**What you need to do:**
All of the data, except its images, should be set down exactly as it appears.
Dataset excerpts START
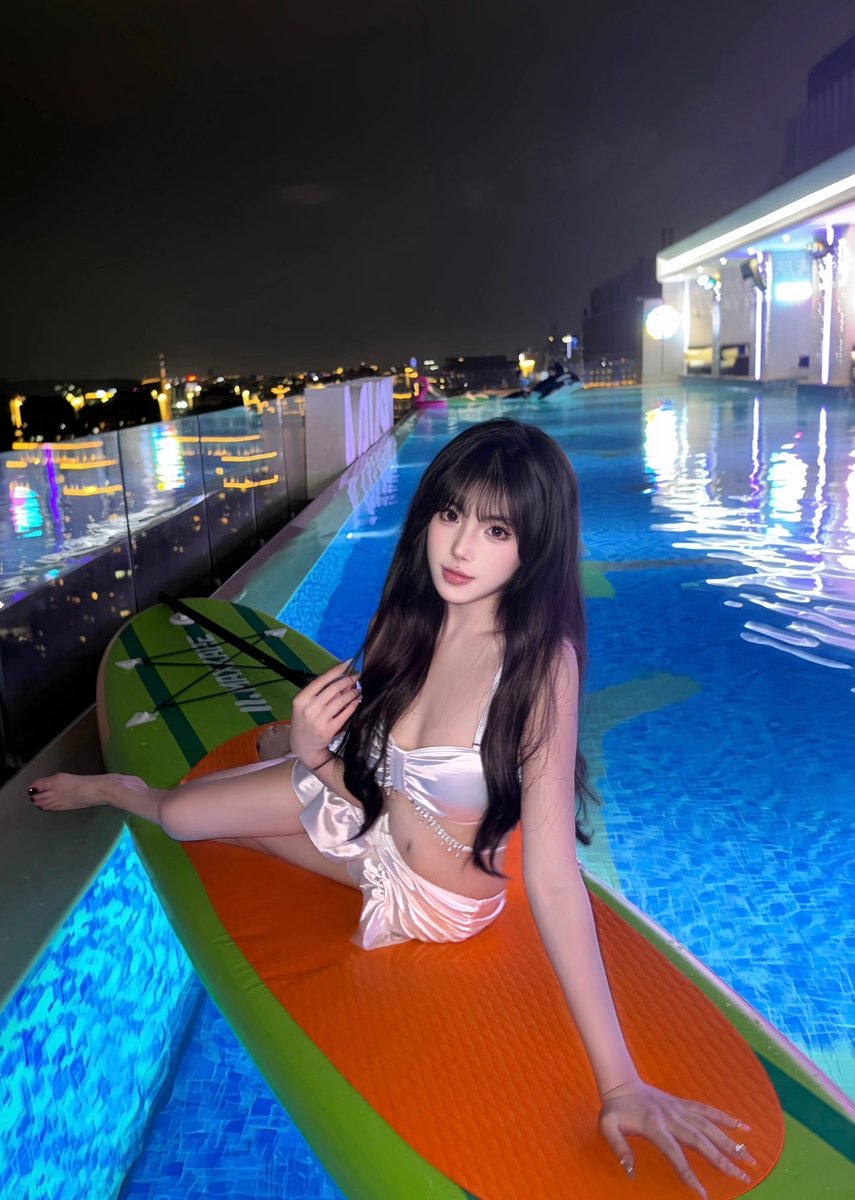 Shepingaihao's tweet photo. 草，这只榨精骚鸡，每次看她朋友圈都要对着射屏，有没有相同口味的兄弟一起玩😍 https://t.co/kuSfOIz5gS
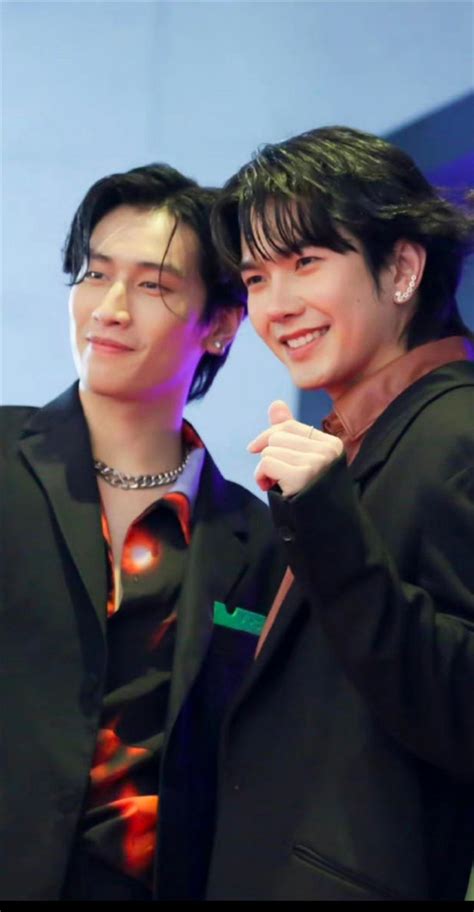 Pin By Kunlanat Wongsathianchai On Biblebuild Cute Gay Couples Human Silhouette Human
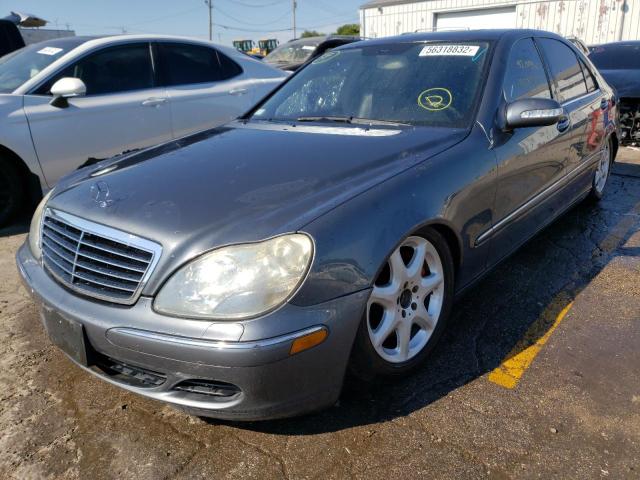 WDBNG84J26A480479 - 2006 MERCEDES-BENZ S 500 4MAT GRAY photo 2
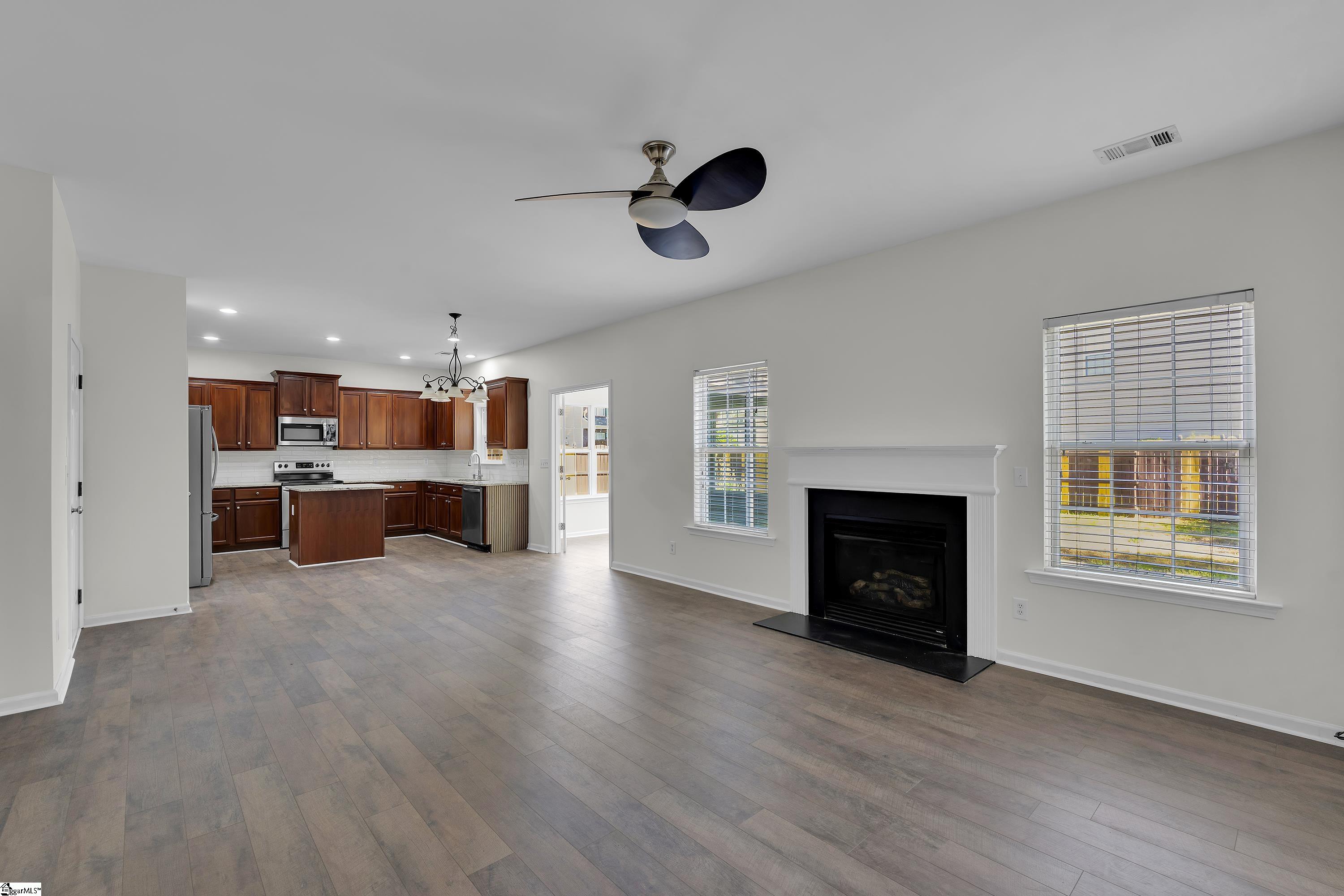 1 Meadowrise Lane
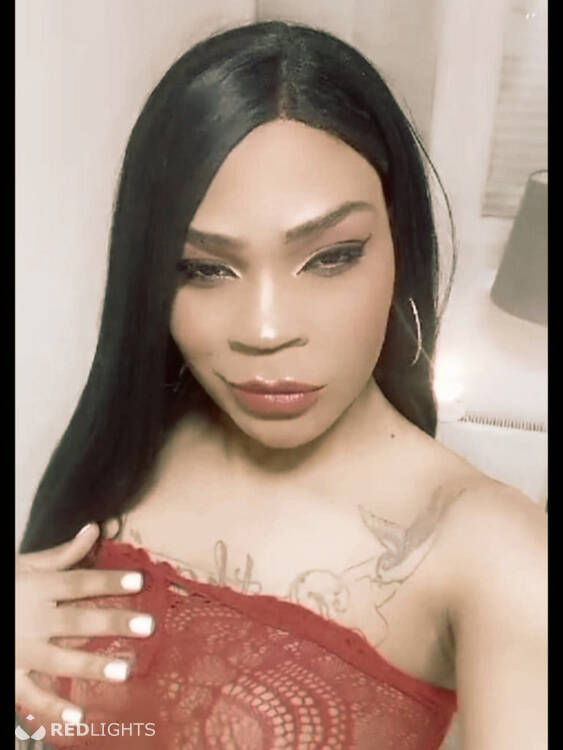 Priv&eacute; ontvangst Jenifer TS hot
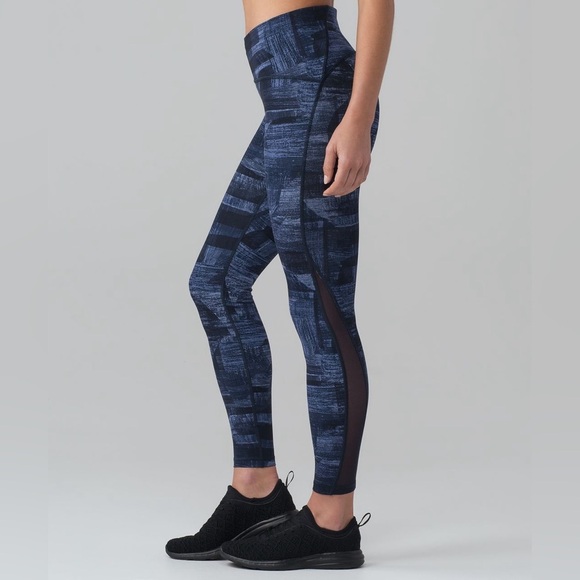 Lululemon Train Times 7/8 Pant size 4 - Picture 6 of 8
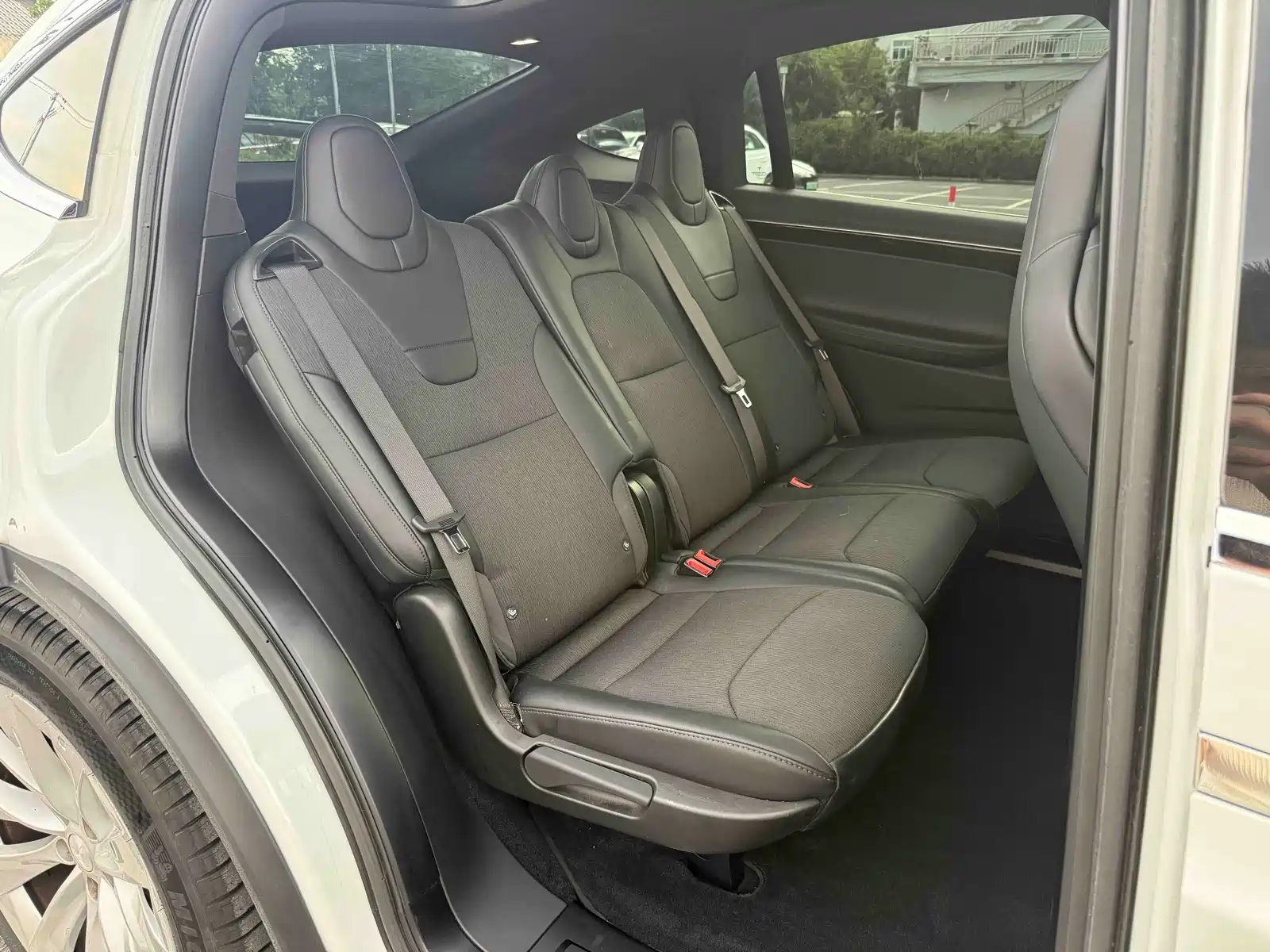 Фото 15 - Tesla Model X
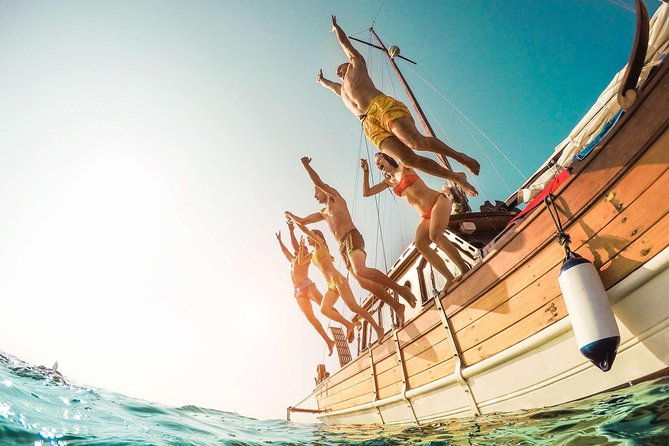 half-day-amalfi-coast-boat-and-snorkeling-tour-in-small-group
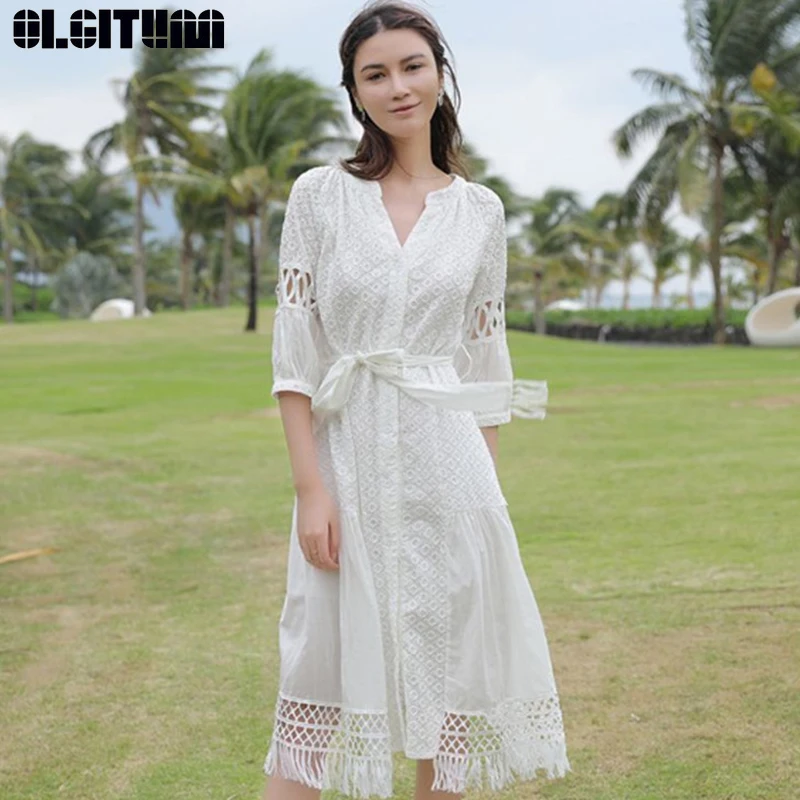 White Cotton Lace Embroidery Boho Dress 2020 New Spring Vintage Lantern Sleeve Dresses Casual Loose Brand Long Femme DR918
White Cotton Lace Embroidery Boho Dress 2020 New Spring Vintage Lantern Sleeve Dresses Casual Loose Brand Long Femme DR918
Dataset excerpts END
**Expected output:**
 Shepingaihao's tweet photo. 草，这只榨精骚鸡，每次看她朋友圈都要对着射屏，有没有相同口味的兄弟一起玩😍 https://t.co/kuSfOIz5gS
 Pin By Kunlanat Wongsathianchai On Biblebuild Cute Gay Couples Human Silhouette Human
 WDBNG84J26A480479 - 2006 MERCEDES-BENZ S 500 4MAT GRAY photo 2
 1 Meadowrise Lane
 Priv&eacute; ontvangst Jenifer TS hot
 Lululemon Train Times 7/8 Pant size 4 - Picture 6 of 8
 Фото 15 - Tesla Model X
 half-day-amalfi-coast-boat-and-snorkeling-tour-in-small-group
 White Cotton Lace Embroidery Boho Dress 2020 New Spring Vintage Lantern Sleeve Dresses Casual Loose Brand Long Femme DR918
White Cotton Lace Embroidery Boho Dress 2020 New Spring Vintage Lantern Sleeve Dresses Casual Loose Brand Long Femme DR918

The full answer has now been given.